Steam : le malware sème la panique, le fbi enquête
Plusieurs jeux sur Steam abritaient un code malveillant, capable de dérober des données bancaires, des cryptomonnaies, voire des identifiants de navigation. Une situation qui a fini par alerter le FBI, qui a ouvert une enquête.

Le fbi traque un malware insidieux sur la plateforme valve
Depuis des mois, une menace silencieuse circulait sur la plus grande boutique de jeux vidéo du monde. Des titres populaires, comme BlockBlasters, Chemia ou encore PirateFi, se sont avérés être des vecteurs de malware. Le problème, c'est que Valve, malgré ses efforts habituels de contrôle, n'analysait pas en profondeur les fichiers exécutables fournis par les développeurs. Une faille d'autant plus préoccupante que le catalogue de Steam est immense.
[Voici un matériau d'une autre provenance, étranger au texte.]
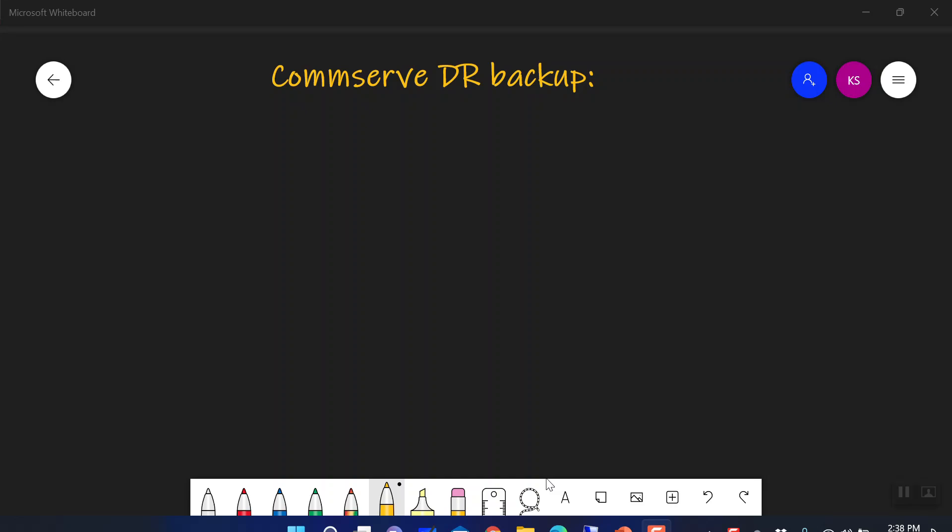Hey guys, welcome back. Today we are going to discuss a simple and very important topic, and that is the CommServe DR backup — the CommServe disaster recovery backup.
La division de Seattle du FBI a publié un avis officiel, appelant les victimes potentielles à se manifester via un formulaire en ligne. L'enquête s'étend de mai 2024 à janvier 2026 et cible spécifiquement sept jeux : BlockBlasters, Chemia, Lampy, Lunara, Dashverse/DashFPS, PirateFi et Tokenova. L'objectif est de recueillir des informations précises sur les joueurs affectés, une démarche essentielle pour faire progresser l'enquête. Le FBI insiste sur le fait que toute personne ayant installé ces jeux durant la période concernée doive contacter les autorités américaines.
L'ampleur des pertes est alarmante. BlockBlasters, par exemple, a siphonné plus de 150 000 dollars à plus de 260 utilisateurs en août 2025. L'histoire de RastalandTV, un streamer ayant perdu 32 000 dollars destinés à son traitement contre le cancer, illustre la gravité de la situation. PirateFi, un jeu gratuit sorti en février 2025, avait déjà été retiré de Steam par Valve après la découverte d'un troyan. La société avait même recommandé à ses utilisateurs de formater leurs ordinateurs.
Ce n'est pas la première fois que Steam est confronté à ce genre de problème. Chemia, par exemple, a hébergé trois variantes de malware, révélant une faiblesse structurelle dans les mécanismes de sécurité de la plateforme. Valve se contentait auparavant de vérifier les fiches des jeux, leur contenu visible et les éventuels conflits de droits, sans pour autant procéder à une analyse approfondie des fichiers exécutables.
La communauté des joueurs réclame depuis longtemps des contrôles plus stricts avant l'approbation de nouveaux jeux, en particulier ceux provenant d'éditeurs inconnus ou de développeurs qui n'ont pas encore fait leurs preuves. La récente enquête du FBI ne fait qu'attester de la nécessité d'une vigilance accrue.
Le problème de sécurité sur Steam est bien plus profond qu'une simple série d'incidents isolés. Il révèle une lacune dans la manière dont la plateforme gère la sécurité de ses jeux, une lacune que Valve devra impérativement combler. Les conséquences financières et personnelles pour les utilisateurs sont déjà considérables, et pourraient s'aggraver si rien n'est fait.
Et si l'on se fie aux chiffres, le pire reste à venir.